Now, Samuelson may not have realized it, but 2030 is a long way away. While there won’t be “automatic” substitution away from coal, two decades in an environment where cap-and-trade has made alternatives profitable is more than enough time to allow industries to do what they need to do. And there will only be shortages of energy if consumers don’t feel the cost of the carbon price, which they will. Maybe that additional cost will be painful, or maybe households will save themselves money by simply buying more efficient appliances, and opting for the 2,500-square-foot home rather than the 3,500-square-foot home.
But really, this is just laying the groundwork for the big stupid conclusion:
Unless we find cost-effective ways of reducing the role of fossil fuels, a cap-and-trade system will ultimately break down. It wouldn’t permit satisfactory economic growth. But if we’re going to try to stimulate new technologies through price, let’s do it honestly. A straightforward tax on carbon would favor alternative fuels and conservation just as much as cap-and-trade but without the rigid emission limits. A tax is more visible and understandable. If environmentalists still prefer an allowance system, let’s call it by its proper name: cap-and-tax.
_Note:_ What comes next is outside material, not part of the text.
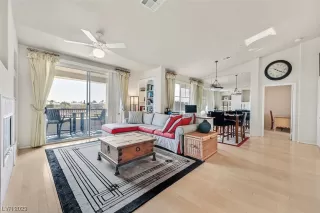 Photo #5: 2482947 Listing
Yowza. As any economist worth his or her salt will tell you, a cap-and-trade plan with auctioned permits is essentially identical to a carbon tax. That also happens to be exactly what Barack Obama is proposing. So, another way for Samuelson to have written this column would have been to title it “Barack Obama has a good plan to reduce carbon emissions.”
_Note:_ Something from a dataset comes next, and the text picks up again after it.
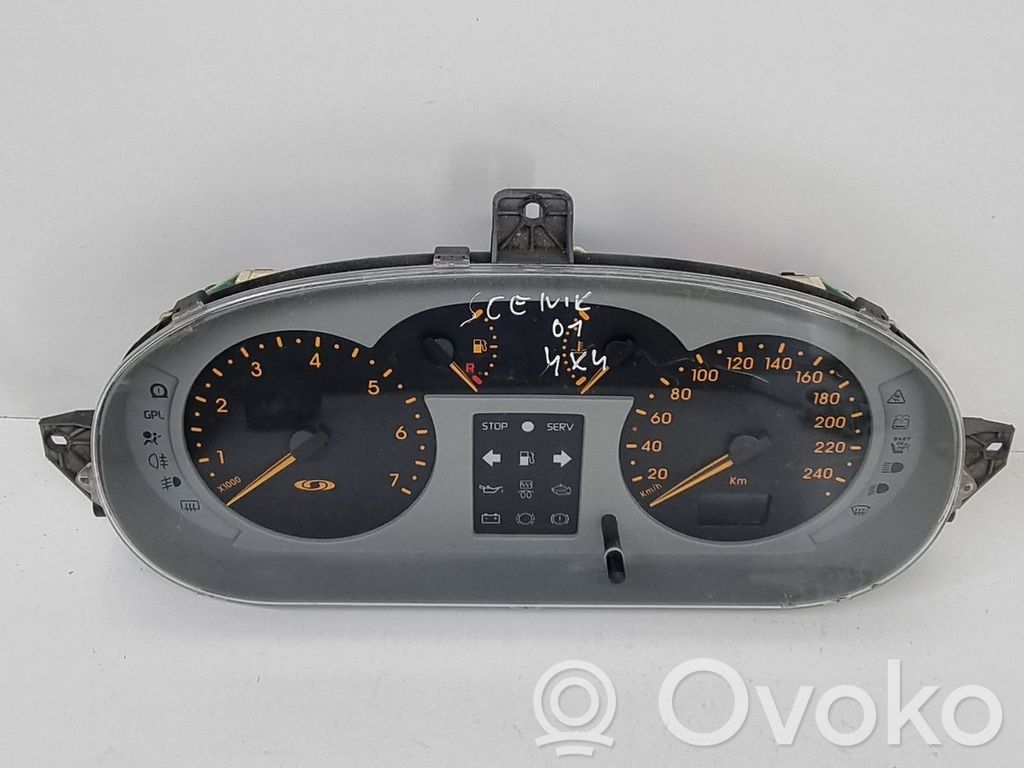 Renault Scenic I Geschwindigkeitsmesser Cockpit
I’ll give Samuelson some credit — he’s right to worry about government handouts, of either permits themselves or of revenues from the sale of the permits. But that’s a concern with either plan (and a much bigger concern in conservative plans to forgo pricing altogether in favor of large research subsidies). And he fails to mention the big advantage of a cap-and-trade plan, which is that it allows us to target an emissions level (and adjust it easily) rather than guessing at a carbon price.
But apparently Samuelson thought the best way to inform his readers was to significantly misrepresent the details of a cap-and-trade plan, en route to advocating a different solution which is nearly identical and in some ways inferior to cap-and-trade. His readers are now dumber for his efforts.